A Strange Friendship

By Taiani Mendes


Breve História do Planeta Verde

“No one let go anyone’s hand” became the slogan of resistance against the currently harmful political ruling groups in Brazil and a concept that has long been present in the imaginary (or, with luck, in reality) of the marginalized and persecuted. Tania (Romina Escobar), Pedro (Luis Soda) and Daniela (Paula Grinszpan) are three lonely types who have come together to help each other since childhood in Argentina. Now as adults in the metropolis, when separated they share silence, isolation and lethargy, as they appear for the first time in Santiago Loza’s Breve historia del planeta verde (Brief Story of the Green Planet). Even when they are together, they stand out from the rest, surviving in the bubble against transphobia, homophobia and abandonment in depression.

There is nothing new about returning to the traumatic scenario of the past to pave the way for the future, but Loza tries to do differently by creating a fable about union and belonging. Youngsters considered strangers on a strange mission, told in a deliberately strange film, whose greatest quality is the pursuit of a natural approach to the trans-protagonist’s life, even though she is intimately connected to the most surreal facet of the plot. When weirdness gets mixed up with nonsense, however, there is nothing to be proud of, and such moments are not uncommon, both in the characters and in the film as a whole.

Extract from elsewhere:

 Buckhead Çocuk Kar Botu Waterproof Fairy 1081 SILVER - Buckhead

Present since the first shot, Tania's identification and connection with the alien is slowly developed as if it were a big mystery, when it is all a tremendous obviousness. Predictable as the light that goes out in the map revelation, or as the homophobic perpetrator who actually desires the victim.

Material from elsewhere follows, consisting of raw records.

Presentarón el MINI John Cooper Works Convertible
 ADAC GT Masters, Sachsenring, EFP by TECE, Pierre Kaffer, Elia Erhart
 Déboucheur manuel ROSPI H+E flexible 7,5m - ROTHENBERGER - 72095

Just like colorful and excluded Power Rangers walking through unknown regions and guided by magical beings, the main characters preserve characteristics that almost count as special powers: Daniela with melancholy, Peter dedicated to express himself, Tania serene in coldness, frozen pains in the calvary of memories at the same temperature as the water in stones that preserves the different life of the extraterrestrial throughout the return operation. Side by side they are able to raise a Megazord of love without fear to defeat the unity of their opponents, ready to kill them with fire before they reproduce.

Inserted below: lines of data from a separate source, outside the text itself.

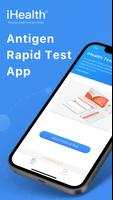 iHealth Antigen Rapid Test poster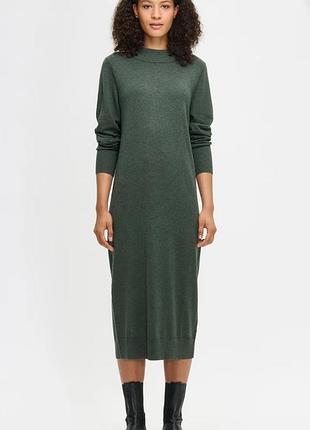 Платье- свитер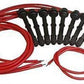 MSD Ignition MSD31889 Super Conductor Plug Lead Set 8.5mm Ford 4.6L-5.4L Modular Engine 31889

The weird movie filter masks a great deal, but the film above all delivers a weird comic discourse that scoffs at humanity, exalted for much of the plot to justify Tania's overpowering connection. She, the sensible one between the inconsequential and the sheltered, the one who stays awake in bed after getting up, and the other one prefers to go back to sleep, can't take it anymore and chooses to leave. As for the straight selfish cis needy to the point of wanting to put another life in this dark world, and the dancer guided only by feeling – it’s them who should stay and fight. Tania's freedom is to trade what was right for the doubtful, hoping to find a less hostile tribe.